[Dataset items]

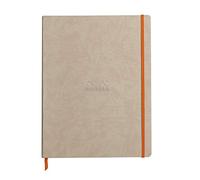 RHODIA 117705C - Beige Flexible Notebook - A4+ - Lined - 160 Detachable Pages - Ivory Clairefontaine Paper 90 g/m - Bookmark, Elastic Closure - Faux Leather Cover - Rhodiarama Collection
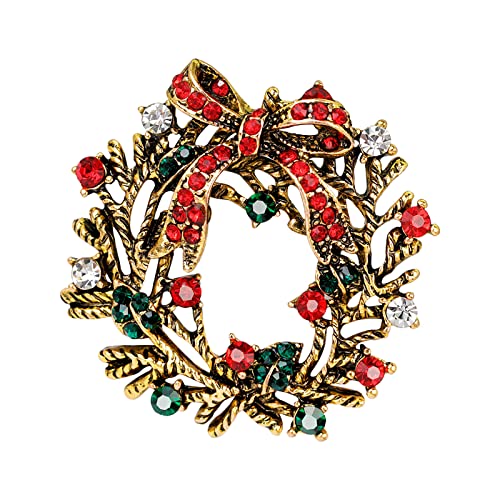 Strass Blumenstrauß Weihnachtsdeko Corsage Weihnachten Weihnachtsunikate Brosche Haarklammern Hochzeiten (C, One Size) von Generisch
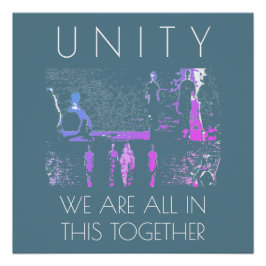 "Unity, Together" Inspiratie Magenta White Blauwgr Perfect Poster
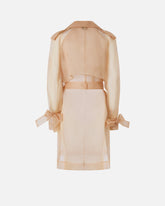 Silk organza trench coat - | Pinko
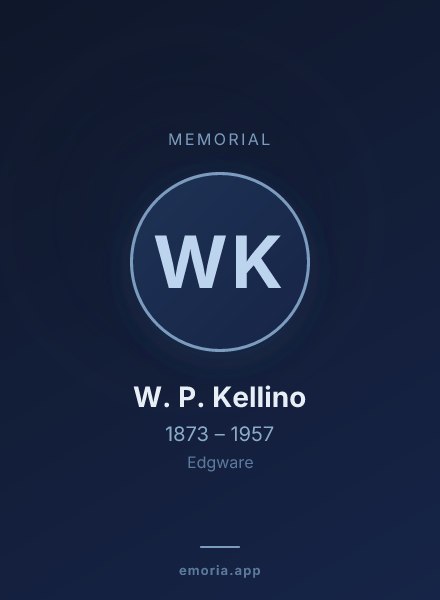 Memorial portrait of W. P. Kellino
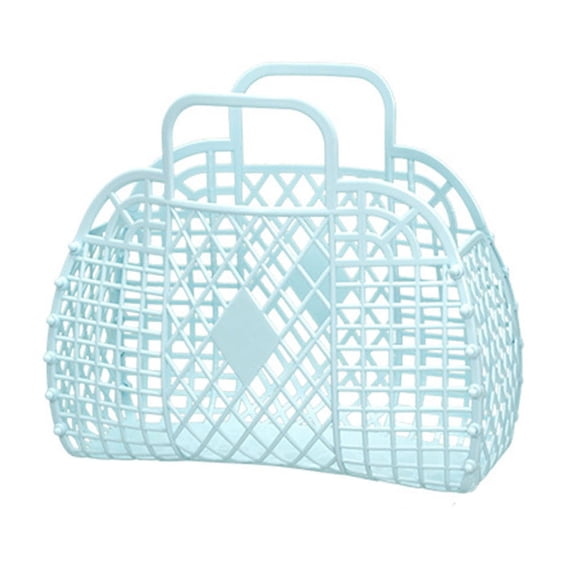 Elowen Hollow Storage Bag Bag Hollow Storage Basket Plastic Reusable Portable Foldable Bag for Beach Home Bedside Shopping Toys Clothes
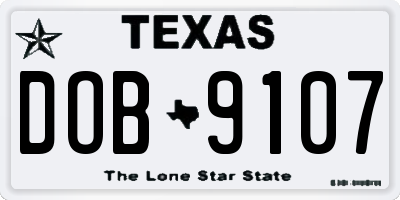 TX license plate DOB9107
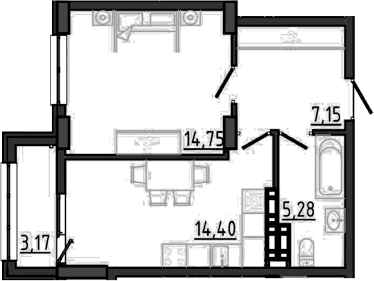 1-комн., 41.58 м²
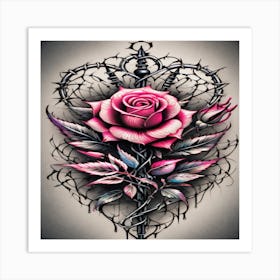Rose Tattoo Design Art Print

:: ASSIGNMENT ::
Without the pictures, repeat the entries above line by line, from the first through the one that contains "Elowen Hollow Storage", both ends included.

:: SOLUTION FOR THIS PROBLEM ::
 RHODIA 117705C - Beige Flexible Notebook - A4+ - Lined - 160 Detachable Pages - Ivory Clairefontaine Paper 90 g/m - Bookmark, Elastic Closure - Faux Leather Cover - Rhodiarama Collection
 Strass Blumenstrauß Weihnachtsdeko Corsage Weihnachten Weihnachtsunikate Brosche Haarklammern Hochzeiten (C, One Size) von Generisch
 "Unity, Together" Inspiratie Magenta White Blauwgr Perfect Poster
 Silk organza trench coat - | Pinko
 Memorial portrait of W. P. Kellino
 Elowen Hollow Storage Bag Bag Hollow Storage Basket Plastic Reusable Portable Foldable Bag for Beach Home Bedside Shopping Toys Clothes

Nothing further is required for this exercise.